The Most Unlikable Woman: On Sofia Coppola’s Stymied Quest to Bring Undine Spragg to Screen
Apple TV+ Isn’t Moving Forward with a Series Adaptation of The Custom of the Country. It’s Their Loss.
Last weekend, news broke that a long-awaited adaptation of Edith Wharton’s 1913 novel The Custom of the Country—which biographer Hermione Lee has called the writer’s greatest work—is no longer moving forward. The project was in the capable hands of Oscar-winning filmmaker Sofia Coppola who, since at least early 2020, had been working on a five-hour adaptation for the streaming platform Apple TV+. Fans and friends of the novel from all corners of the globe eagerly awaited the release of the miniseries.
Many of us have said for years that the novel’s audacious social-climbing heroine, Undine Spragg—a kind of Gilded Age Kardashian—has long been ready for her close-up. In two wonderfully tell-tale moments, Wharton’s narrator captures Undine’s je ne sais quoi: “If only everyone would do as she wished she would never be unreasonable” and “it was always hard to make her see why circumstances could not be bent to her wishes.” Those sentiments suggest Undine Spragg was born to be a reality TV star, influencer, or both. Undine was, after all, named for a water sprite who must marry a mortal to earn a soul. She changes husbands almost as frequently as Lady Mary swaps gowns on Downton Abbey, a show inspired, incidentally, by Julian Fellowes’s love for Wharton’s novel. Fellowes has even gone on record saying The Custom of the Country compelled him to sit down and write.

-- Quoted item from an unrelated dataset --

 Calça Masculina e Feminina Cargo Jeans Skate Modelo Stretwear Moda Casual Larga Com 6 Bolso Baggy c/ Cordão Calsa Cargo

Since at least 2013, the centenary of Wharton’s novel, there has been an international conversation about Undine Spragg’s astonishing modernity. That summer, Laura Rattray and William Blazek hosted a symposium in the UK devoted to The Custom of the Country. (A few years earlier, Rattray edited an essay collection of contemporary responses to the book.) More recently, for its second virtual book club meeting, The New York Times T Magazine drew over 4,000 participants from around the world for a discussion of the novel led by Claire Messud. The chat stream suggested Generation Z loves Undine as much as Wharton’s contemporaries disliked her, and all participants were excitedly awaiting Coppola’s adaptation. Last year, Penguin Random House brought out a new edition of the novel with a foreword by Coppola, a version of which appeared here on Lit Hub. Concurrently, Brandon Taylor wrote a wonderful introduction to Simon and Schuster’s paperback edition, which he aptly calls “strikingly modern.”
When Undine Spragg burst onto the scene in 1913, reviewers were by turns fascinated and horrified.

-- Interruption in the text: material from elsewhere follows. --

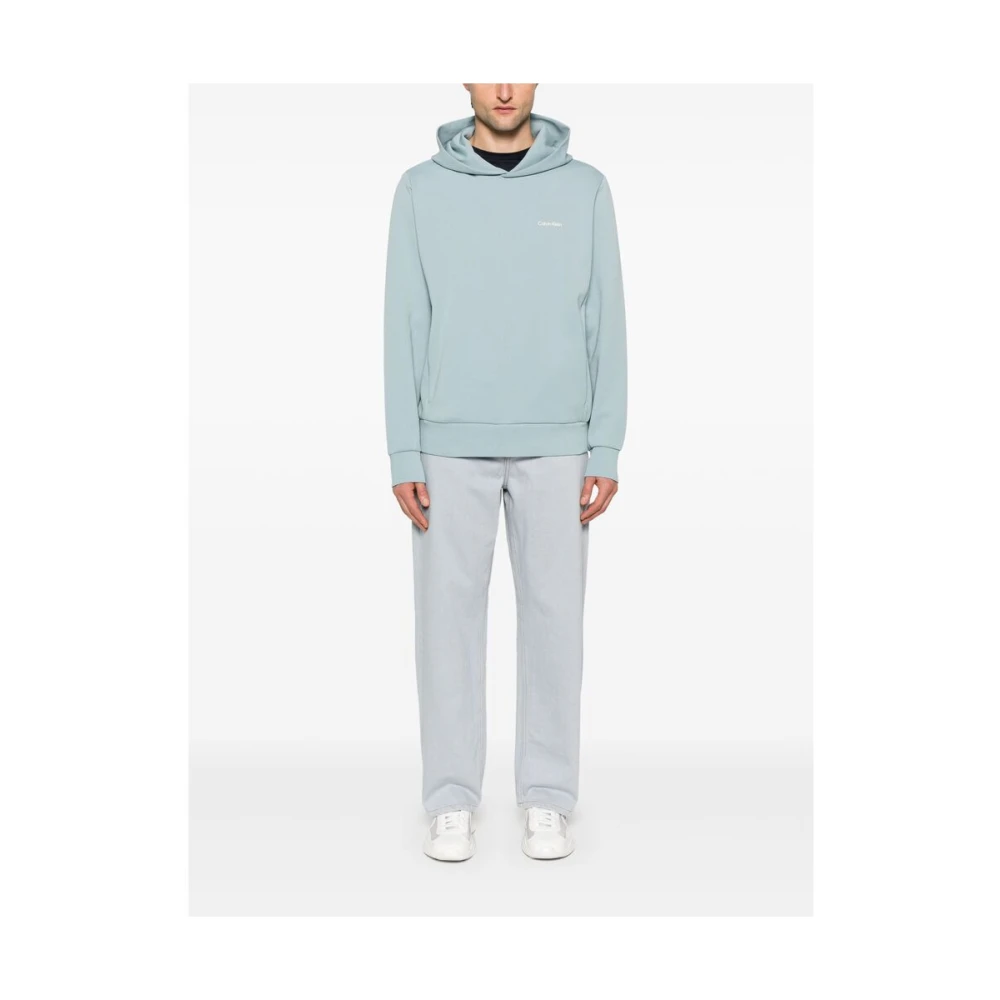 Calvin Klein Blauwe Hoodie Klassieke Stijl Blue Heren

Precisely because of its modernity, even before Coppola there has been a strong push to get Undine Spragg’s story to the screen. In October 2014 it was announced that Oscar-winning filmmaker Christopher Hampton (Dangerous Liaisons, Atonement) had written a script for an eight-episode Sony TV adaptation of the novel that was to star Scarlett Johannson. Michelle Pfeiffer has also been attached to an adaptation, according to an interview with Vanity Fair in 1993, the year of her award-worthy turn as Ellen Olenska in Scorsese’s adaptation of Wharton’s The Age of Innocence. Those projects have yet to materialize, and perhaps this has to do with the way some have responded to Wharton’s protagonist.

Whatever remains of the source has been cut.